The preparation of the Registrant's Quarterly Report on Form 10-Q for the
quarterly period ended June 30, 1996 could not be completed by the prescribed
filing date of August 14, 1996 without unreasonable effort or expense as a
result of the following:
As a result of an initial public offering of Common Units representing
limited partner interests in the Registrant pursuant to a registration
statement on Form S-1 which went effective June 26, 1996, the Quarterly
Report on Form 10-Q for the quarterly period ended June 30, 1996 (the
'Form 10-Q') is the Registrant's first such filing. Due to the nature of
the transaction such filing is complex and is required to include (i)
condensed consolidated financial statements of the Registrant for the
period March 13, 1996, the date of its inception, through June 30,
1996, including pro forma condensed consolidated financial statements of
the Registrant for the three and six month periods ended June 30, 1996
reflecting the initial public offering, the conveyance of substantially
all of the assets and liabilities of the predecessor corporation,
National Propane Corporation, and certain other adjustments and (ii)
condensed consolidated financial statements of the predecessor
corporation for the six month periods ended June 30, 1995 and 1996,
including pro forma condensed consolidated balance sheets of the
predecessor corporation as of June 30, 1996 reflecting the conveyance of
substantially all of the assets and liabilities of the predecessor
corporation to the Registrant and certain other adjustments.
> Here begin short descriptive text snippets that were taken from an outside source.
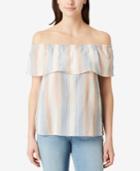 Vintage America Cotton Striped Off-the-shoulder Top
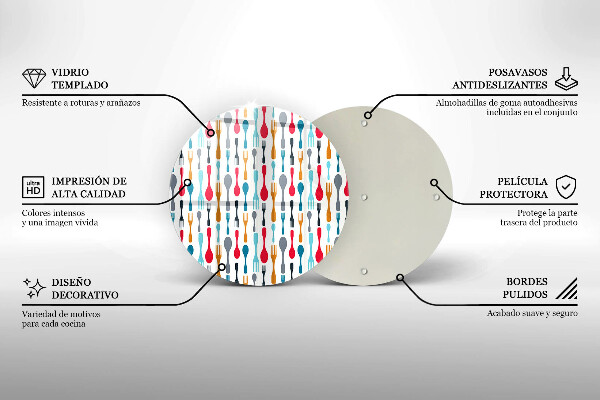 Steklena podloga za rezanje Ilustracija žlice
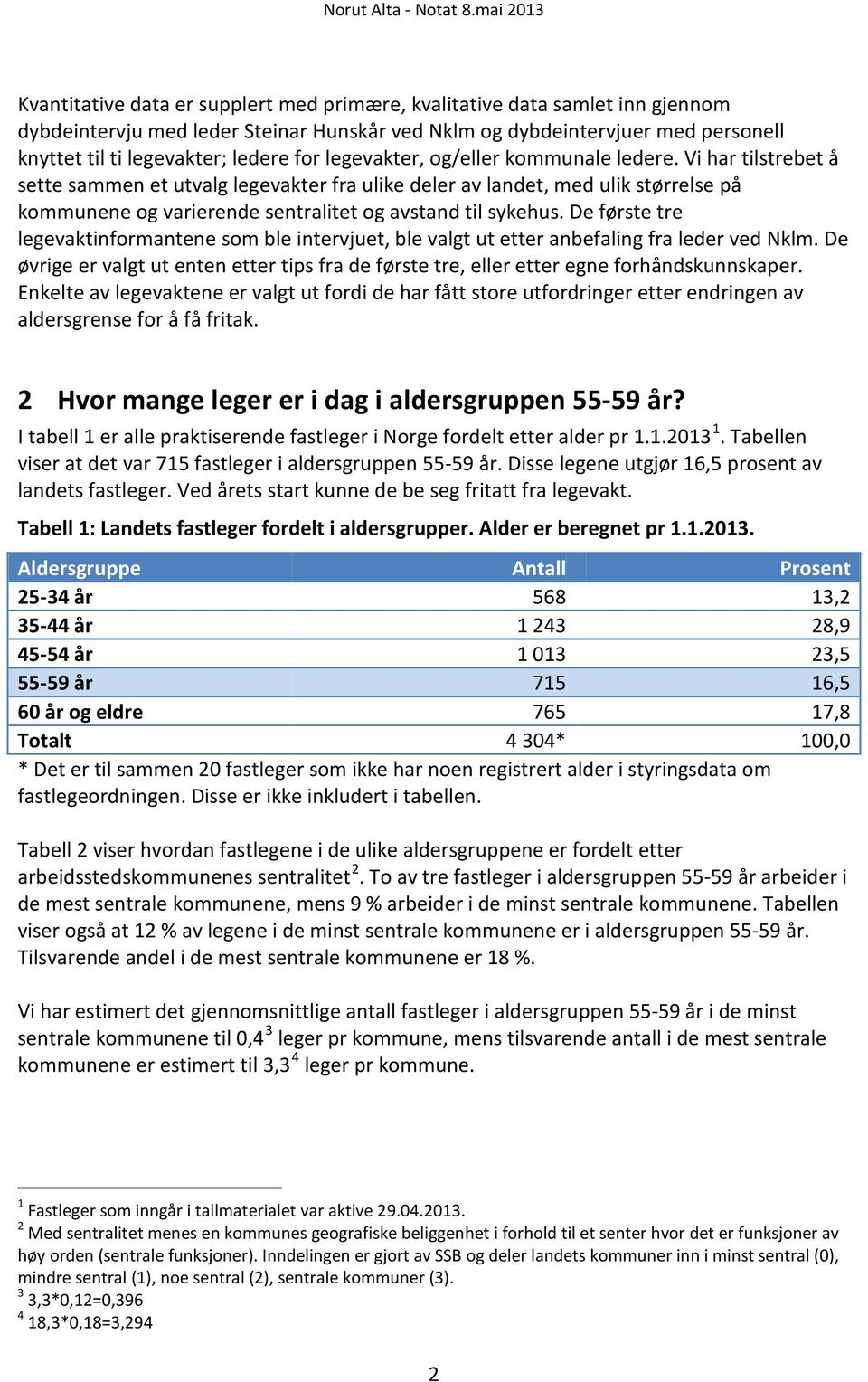 Vi har tilstrebet å sette sammen et utvalg legevakter fra ulike deler av landet, med ulik størrelse på kommunene og varierende sentralitet og avstand til sykehus.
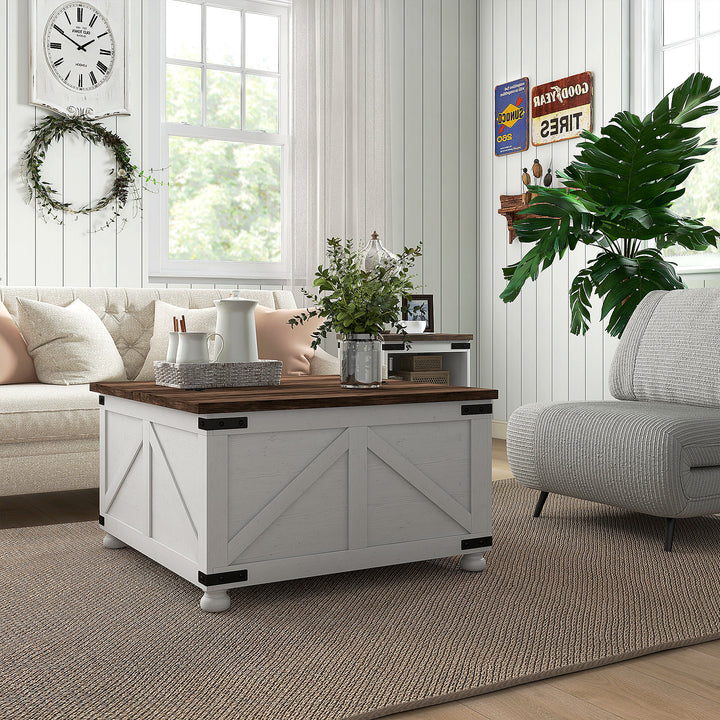 HOMCOM Coffee Table with Lift Top, 32" Farmhouse Center Table with Hidden Compartment for Living Room, Antique White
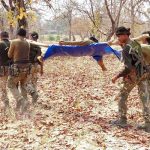 Security force personnel carry the body of their colleague after an attack by Maoist fighters in Bijapur in the central state of Chhattisgarh, India, April 4, 2021. — Reuters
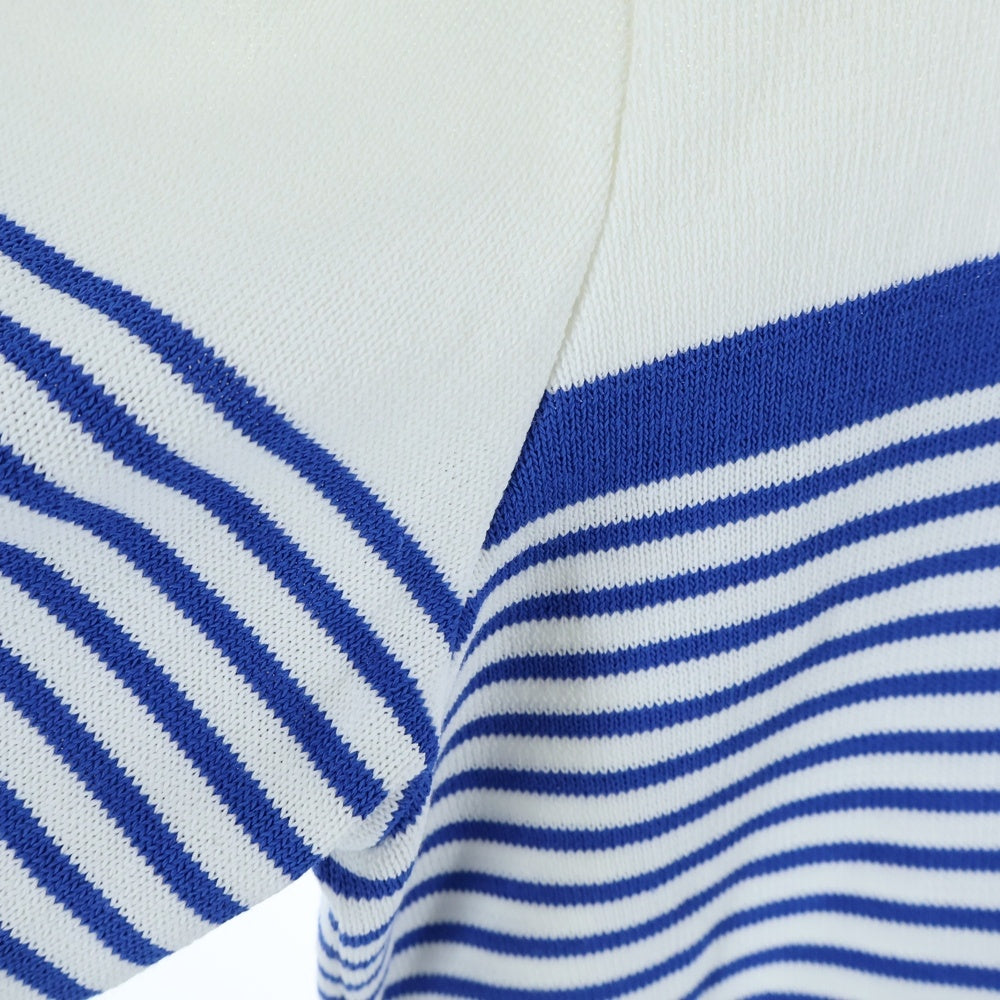DIGAWEL(ディガウェル) Border Sweater リブ クルーネック ボーダーニットスウェット セーター ブルー/ホワイト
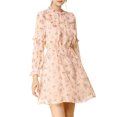 thumbnail image 1 of Allegra K Women's Floral Tie Waist Long Sleeve Ruffle Chiffon Dress, 1 of 7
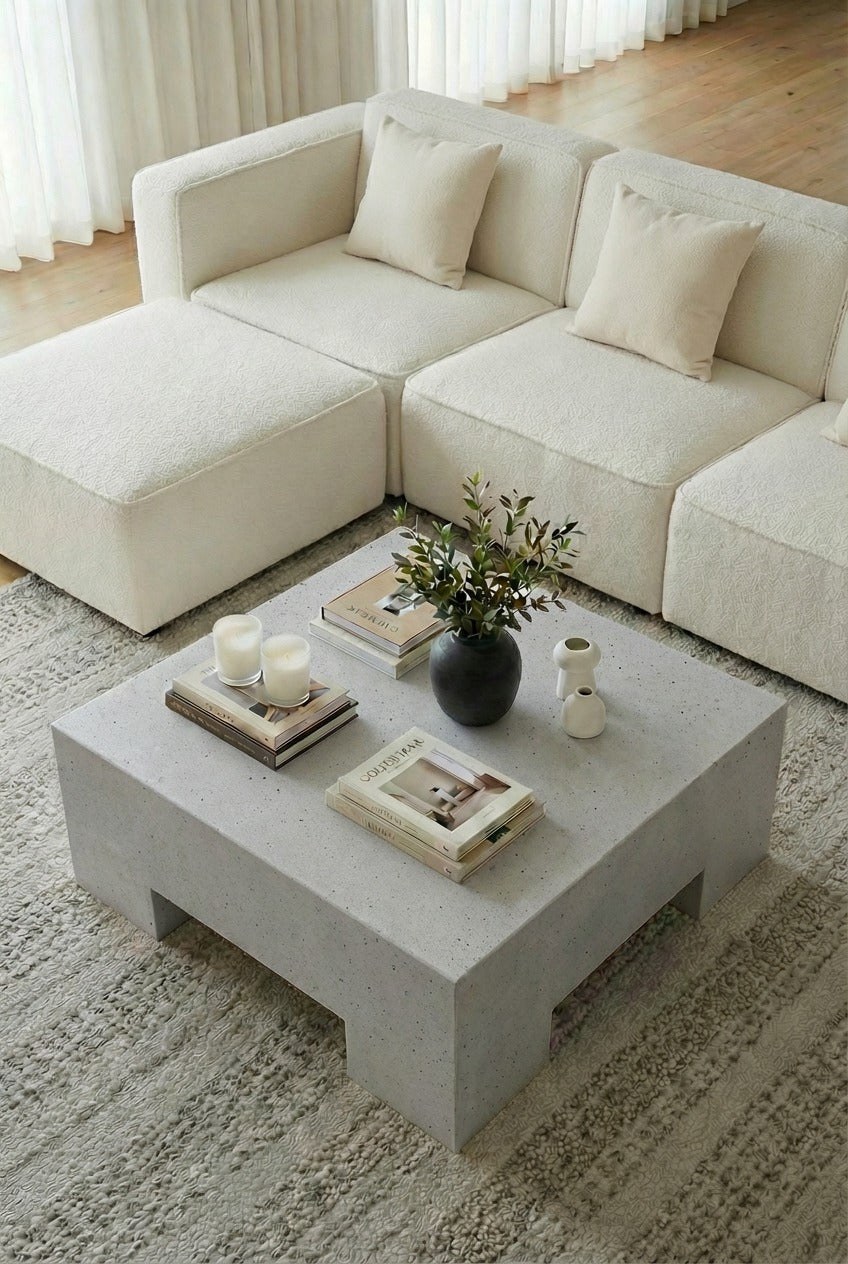 Morviano Grey Speckled Microconcrete Coffee Table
The
Registrant commenced operations effective July 1, 1996. As such, the
Registrant's Annual Report on Form 10-K will require on an audited
basis certain of the same financial statements of the predecessor
corporation as included in its Form 10-Q. As a consequence, the
Registrant's independent public accountants are applying extended
procedures on such financial statements than would otherwise be
necessary. Additionally, the initial public offering has (i)
necessitated the creation of books and records for several new entities
and (ii) caused certain complex accounting issues to arise which were
required to be resolved prior to the completion of the Form 10-Q. Due to
the above, the Registrant has not been able to finalize its consolidated
financial statements on Form 10-Q for the quarterly period ended June
30, 1996 without unreasonable effort or expense.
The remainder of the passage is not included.